I was packed into the car weekend after weekend, driven away from the tenements, the New Town, the Old Town….hang on, we’re going Out of Town. Picking at my nails and making pictures in the windows with my breath HUUUUHHHHH.
I should’ve kept a closer eye on it all. And then there was always The Arrival. Driver’s seat jerked forward, squeezing myself out the back, wondering why they were peering into the dust-smeared windows of yet another dank-looking cottage that was far away from home.
I should’ve kept a closer eye on it all.
Then one day it became clear.
We were leaving our life, leaving our flat. Cheerio to my boxroom cabin bed with the window through to the kitchen where I could listen in to women cackling long past my bedtime.

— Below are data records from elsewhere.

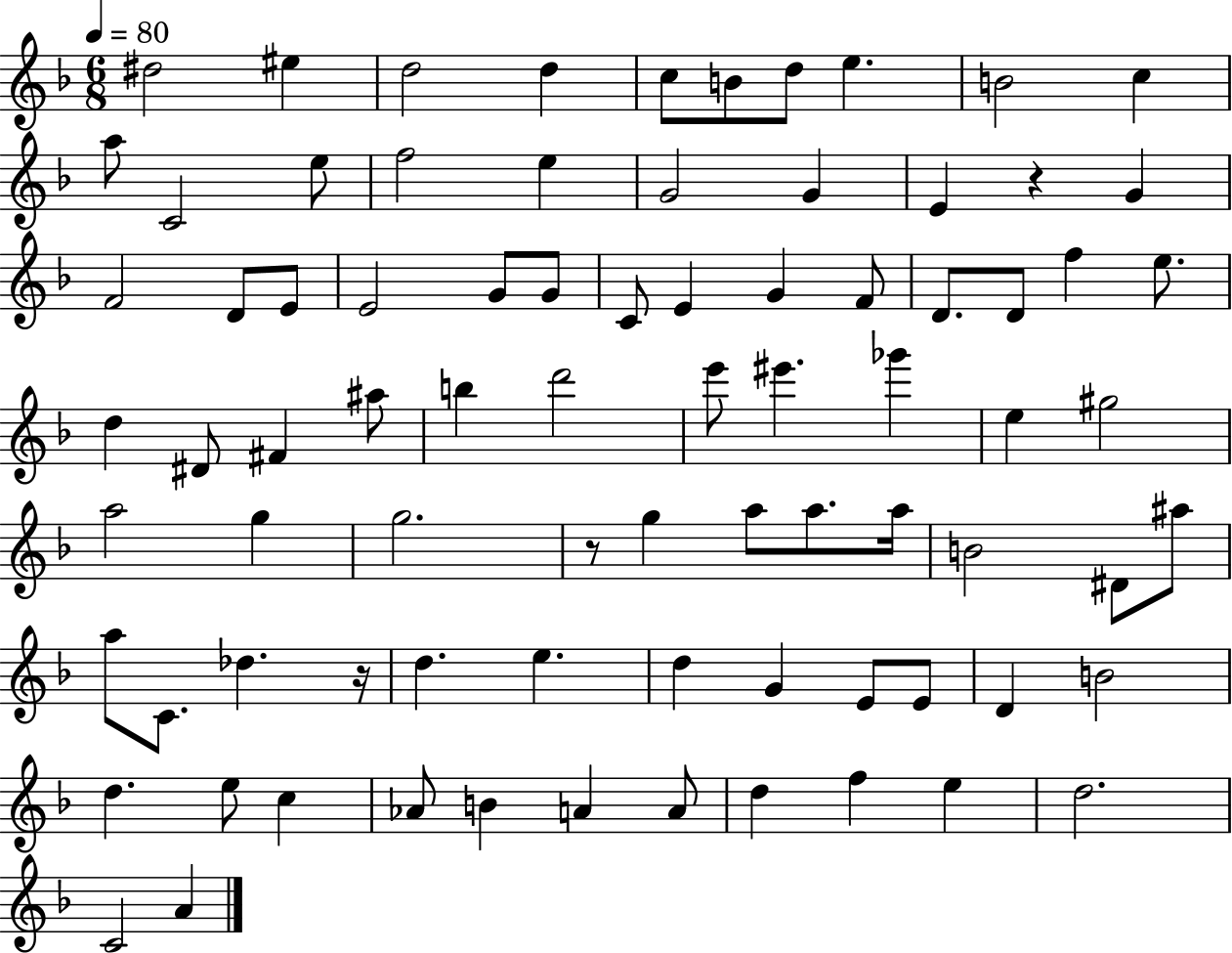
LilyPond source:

{
  \clef treble
  \numericTimeSignature
  \time 6/8
  \key f \major
  \tempo 4 = 80
  dis''2 eis''4 | d''2 d''4 | c''8 b'8 d''8 e''4. | b'2 c''4 | \break a''8 c'2 e''8 | f''2 e''4 | g'2 g'4 | e'4 r4 g'4 | \break f'2 d'8 e'8 | e'2 g'8 g'8 | c'8 e'4 g'4 f'8 | d'8. d'8 f''4 e''8. | \break d''4 dis'8 fis'4 ais''8 | b''4 d'''2 | e'''8 eis'''4. ges'''4 | e''4 gis''2 | \break a''2 g''4 | g''2. | r8 g''4 a''8 a''8. a''16 | b'2 dis'8 ais''8 | \break a''8 c'8. des''4. r16 | d''4. e''4. | d''4 g'4 e'8 e'8 | d'4 b'2 | \break d''4. e''8 c''4 | aes'8 b'4 a'4 a'8 | d''4 f''4 e''4 | d''2. | \break c'2 a'4 | \bar "|."
}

But this would be The Good Life. There would be vegetables to grow. So what? There could be a shiny, new bike. Hmmmm. There could be a pet. Something. Anything.

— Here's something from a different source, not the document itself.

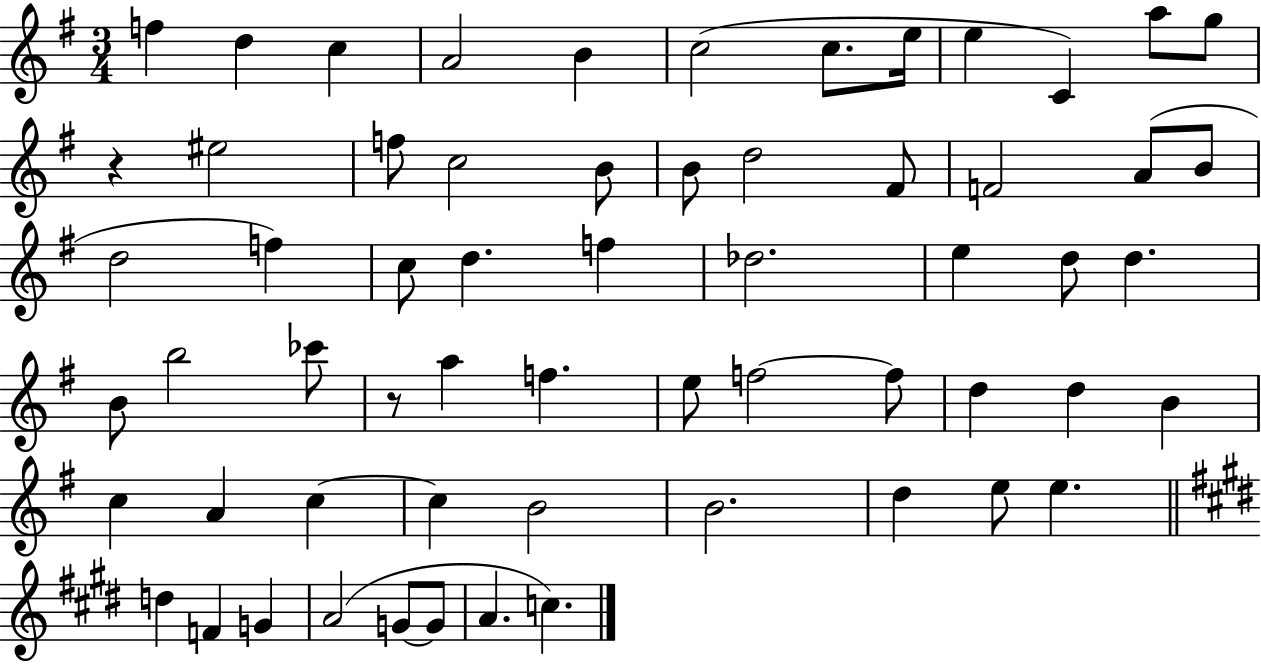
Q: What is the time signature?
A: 3/4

There would be a New School. Oh. Life is Over.
I gave it my best, I want you to know that. Don’t think I didn’t. I rolled around the floor several times a week. Maximum volume. I threw around a lot of “You’re ruining my life.” Peppered with the “I hate yous!”
Nothing worked.
This would be a New Life. What was wrong with the old, I wondered? Was there something I hadn’t noticed?
I should’ve kept a closer eye on it all.
I was 10.
I was starting school after the Easter holidays aged 11 and two days. My two-day old birthday badge was pinned to my sweatshirt on the first day of New School. Conversation-starter.
Apparently.
I’d left a big city primary. New School had 24 pupils. Could that even be called a school? Pfft.

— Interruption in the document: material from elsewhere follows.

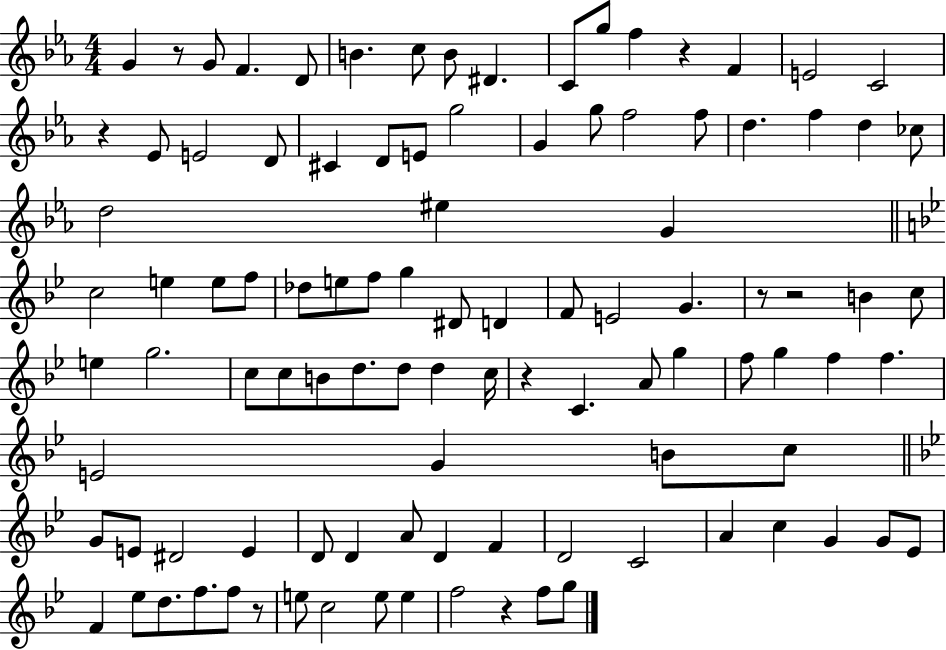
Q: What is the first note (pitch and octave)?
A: G4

There was no number 27 bus to negotiate, money to clatter in the slot, sing songing “a half please.” and always on pain of death remembering: “Thank you Driver”, just like my granny always said.
A mini-bus would collect me. From my front door.
I smiled and made sure my badge was showing.
To the two people already sitting who greeted me with complete silence. Silence is the loudest noise. The blood rushed in my ears. My toes curled in my shoes.
Ten minutes later at the village a few bodies tumbled in together.
“Where’s Stevie?” was the topic of conversation for the short yet seemingly Forever Time it took for the bus to wind down the hill.
Where was this Stevie?
Another Arrival.
Walking into the playground.
Wide smile. “My name is Stevie, what’s your name?”
Said the girl.
And that was that.
The badge was a conversation-starter. Stevie was 10, not 11 for six weeks. I was a teenager before her, turned 16, 18 and 21 first as well.
Now, this Easter as we celebrated our 35 years Palsaversary, the tables are turned.
She writes in my birthday cards to her Older Pal.
I write that I love her.
It was a New Life. The Good Life in the end.
And just when you think Life Is Over.
And I did.
Someone will come along who will burst your heart.
Lizzie* and Ezmie
BFF/ IDST/ INDST
*Stevie as a nickname never stuck for long.